[Captioned web image data]
----------------------------------------

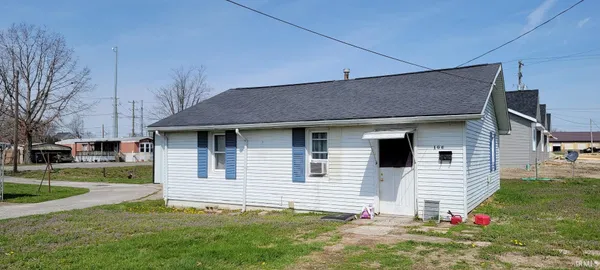 $75,000 | 106 Southwest 2nd Street, Loogootee, IN 47553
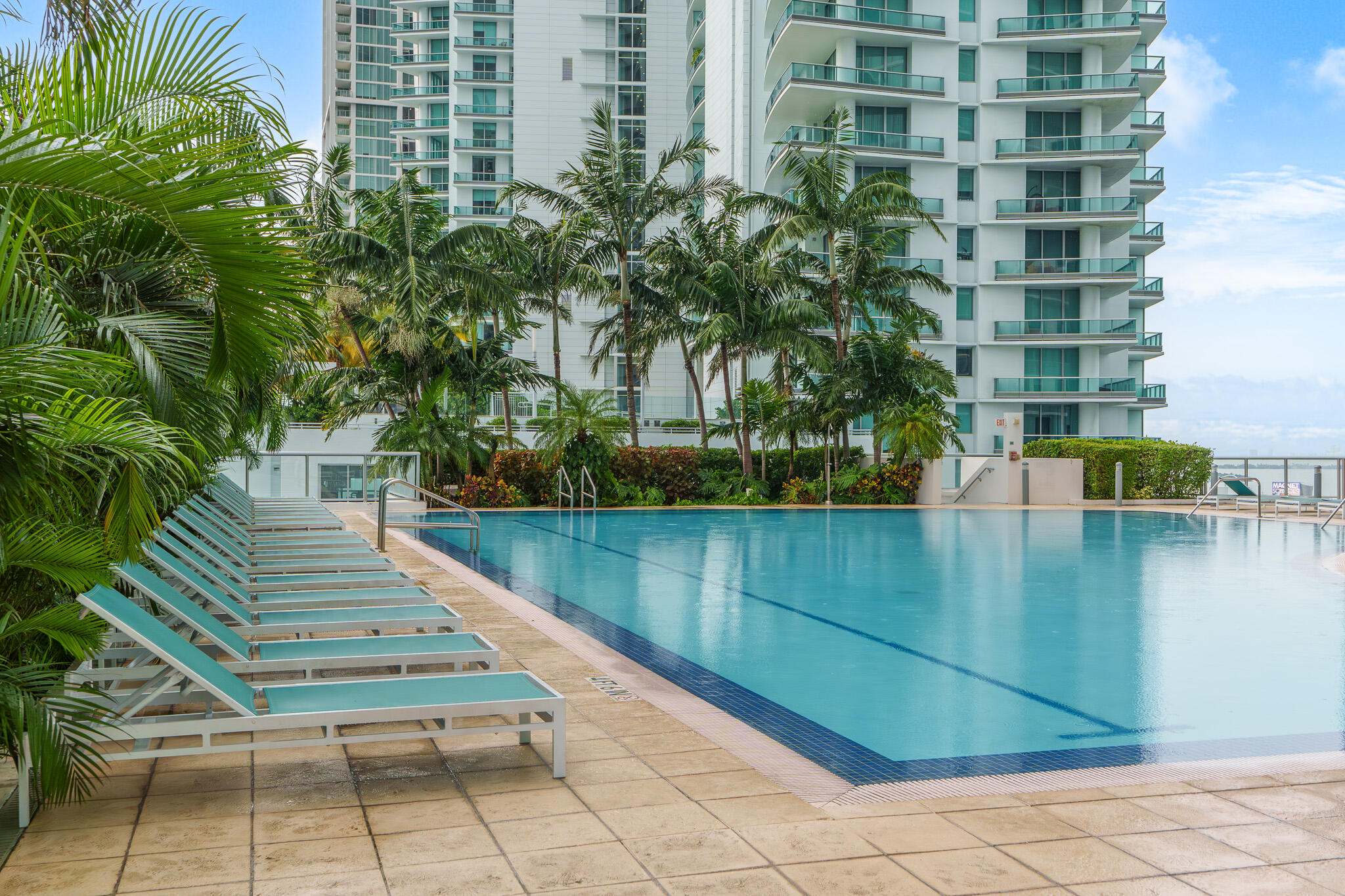 888 Biscayne Boulevard 4406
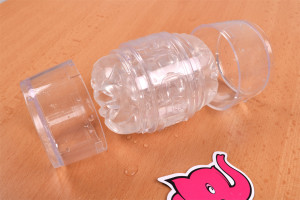 Fleshlight Quickshot Vantage – na stole
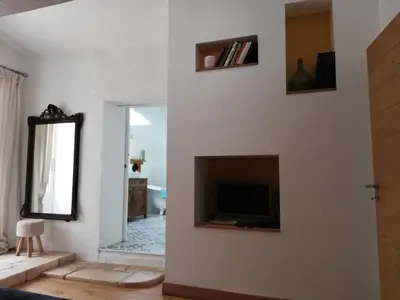 Télévision ou salle de divertissement dans l'établissement Varzay autour du puits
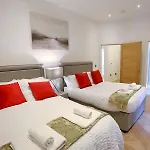 Pass The Keys Beautifully Restored 3 Bed Flat In City Centre
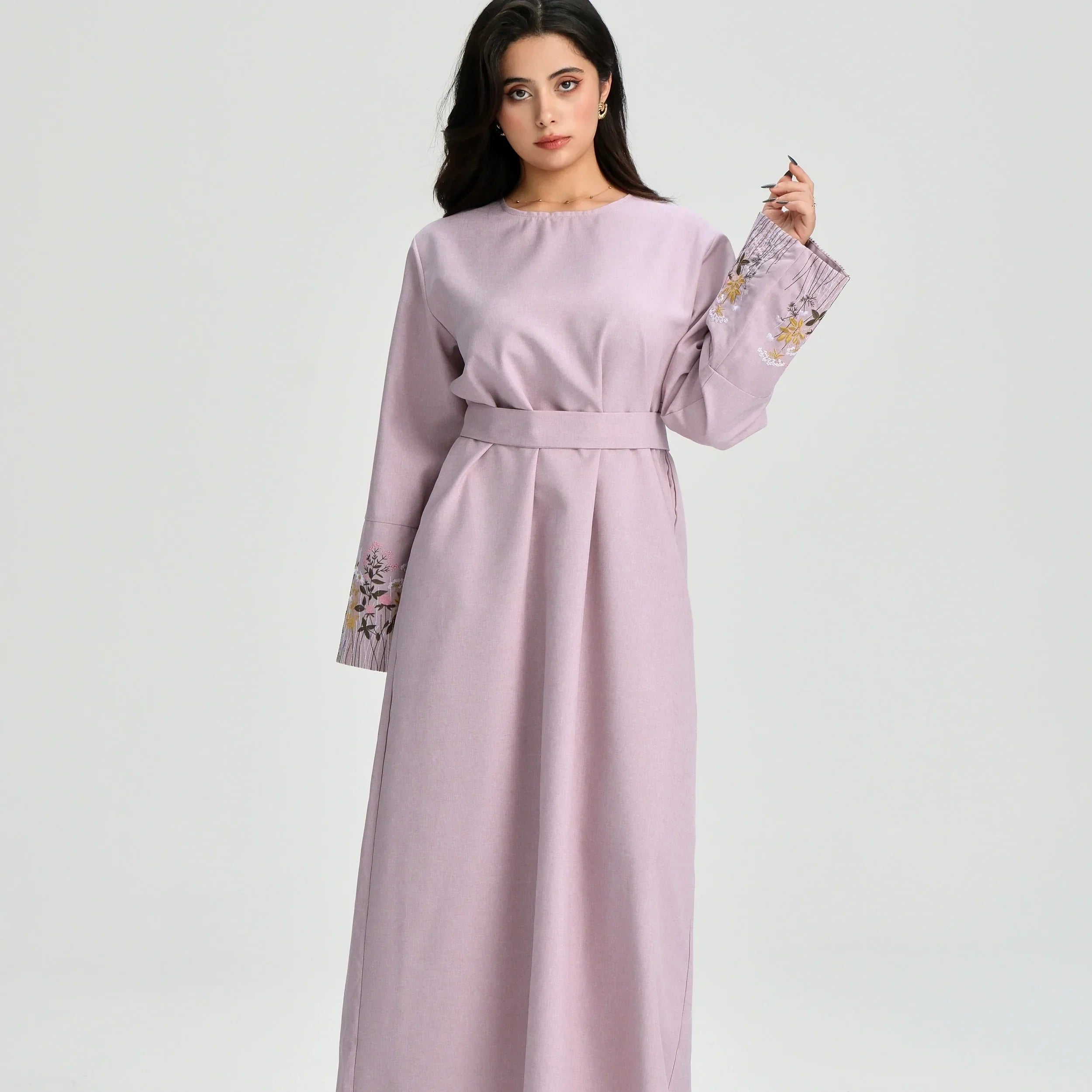 LM086 Robe de Prière Ramadan Broderie Florale avec Ceinture & Poches | Robe Islamique Modeste pour Quotidien & Aïd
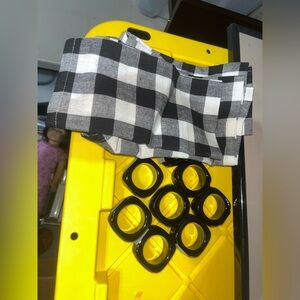 LONGABERGER NAPKIN HOLDERS (8) + LINTEX NAPKINS (3)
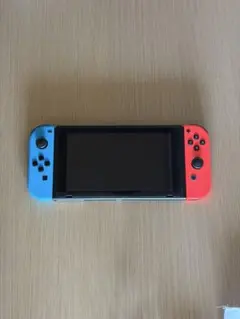 s*a様 Nintendo Switch 本体 青/赤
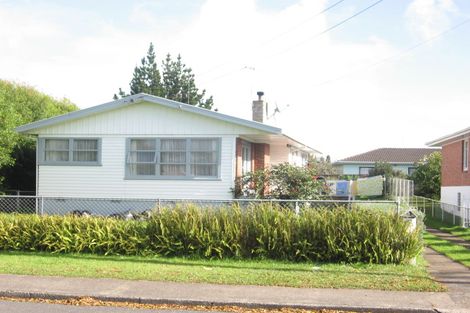 Photo of property in 10 Mckean Avenue, Manurewa, Auckland, 2102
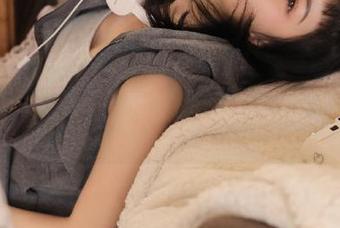 体验女主K的浴室幻境：魅力四射的套图合集，定会让你难以抗拒！
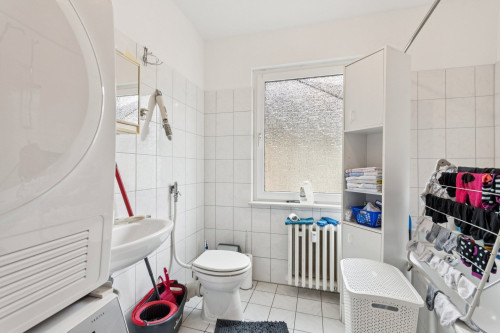 125sqm 4 BR 2 Bath with Balcony to south side in Elberfeld 10 min from Wuppertal Hbf. - Gallery - 21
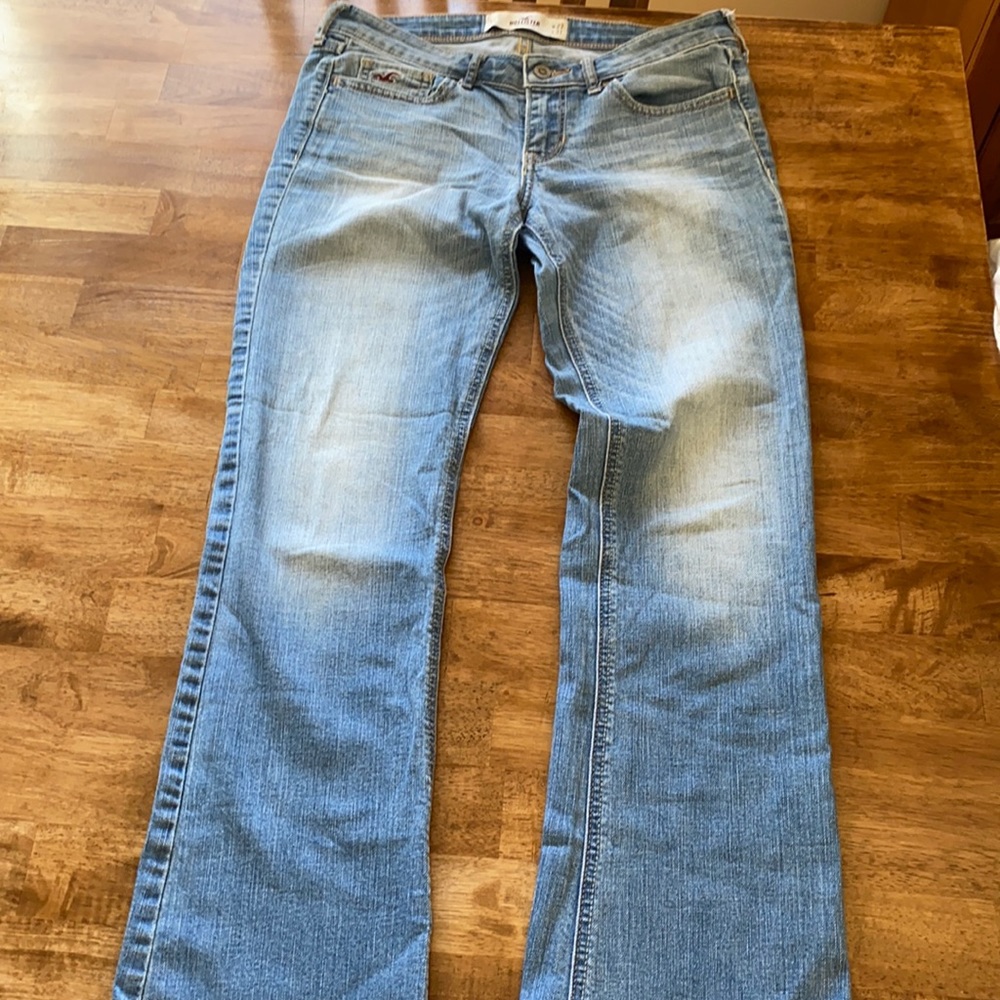Hollister jeans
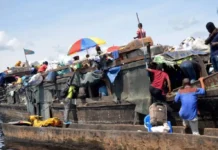 Sube a 148 el número de muertos en el naufragio fluvial al noroeste de la RD del Congo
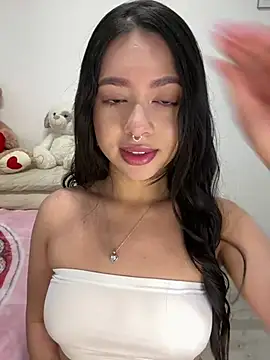 AliceJovovich online show from 03-05-25, 10:44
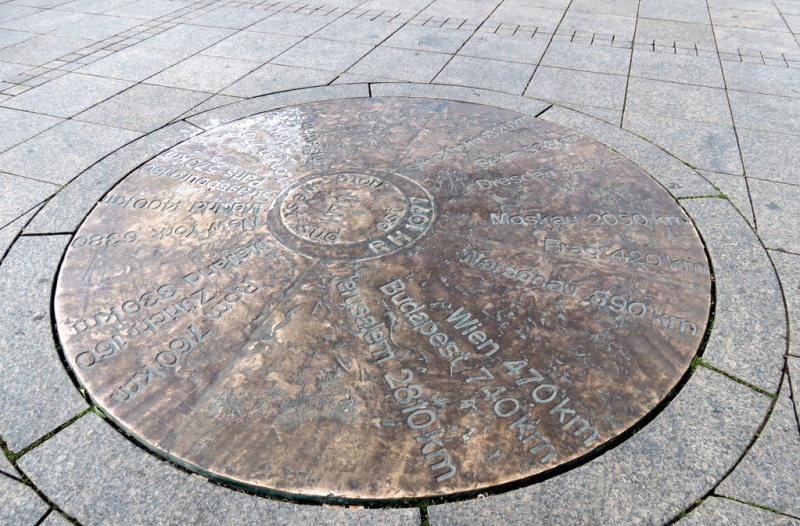 Мудрый воробей, недремлющий лев и букет для Санта-Клауса (Ульм - Линдау - остров Майнау)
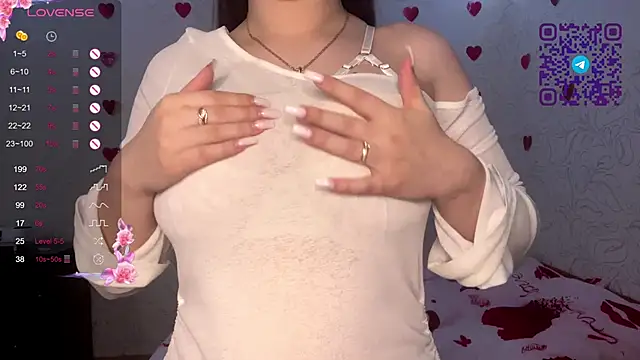 Snapshot of GemmaGunter chatting on 2, 3, 2026 GemmaGunter online show from 2, 3, 2026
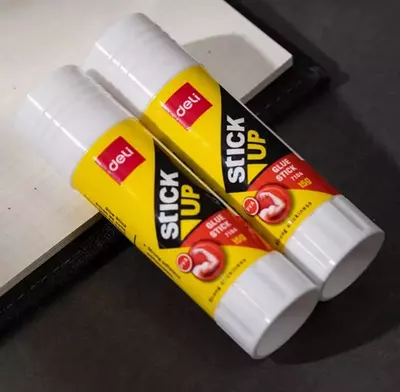 Канцелярский клей - карандаш "Deli" StickUP, 15 гр, блистер, 2 шт. (Арт. - 7104-MT-E)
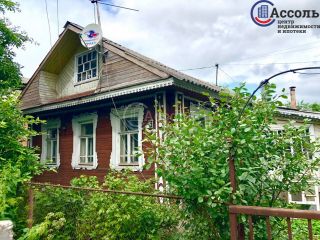 Продается деревянный дом внутри города с коммуникациями фото Вологда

----------------------------------------

> **Task instructions**
Write out the records shown above exactly, but do not include any images.

> **Exercise output**
 $75,000 | 106 Southwest 2nd Street, Loogootee, IN 47553
 888 Biscayne Boulevard 4406
 Fleshlight Quickshot Vantage – na stole
 Télévision ou salle de divertissement dans l'établissement Varzay autour du puits
 Pass The Keys Beautifully Restored 3 Bed Flat In City Centre
 LM086 Robe de Prière Ramadan Broderie Florale avec Ceinture & Poches | Robe Islamique Modeste pour Quotidien & Aïd
 LONGABERGER NAPKIN HOLDERS (8) + LINTEX NAPKINS (3)
 s*a様 Nintendo Switch 本体 青/赤
 Photo of property in 10 Mckean Avenue, Manurewa, Auckland, 2102
 体验女主K的浴室幻境：魅力四射的套图合集，定会让你难以抗拒！
 125sqm 4 BR 2 Bath with Balcony to south side in Elberfeld 10 min from Wuppertal Hbf. - Gallery - 21
Hollister jeans
 Sube a 148 el número de muertos en el naufragio fluvial al noroeste de la RD del Congo
 AliceJovovich online show from 03-05-25, 10:44
 Мудрый воробей, недремлющий лев и букет для Санта-Клауса (Ульм - Линдау - остров Майнау)
 Snapshot of GemmaGunter chatting on 2, 3, 2026 GemmaGunter online show from 2, 3, 2026
 Канцелярский клей - карандаш "Deli" StickUP, 15 гр, блистер, 2 шт. (Арт. - 7104-MT-E)
 Продается деревянный дом внутри города с коммуникациями фото Вологда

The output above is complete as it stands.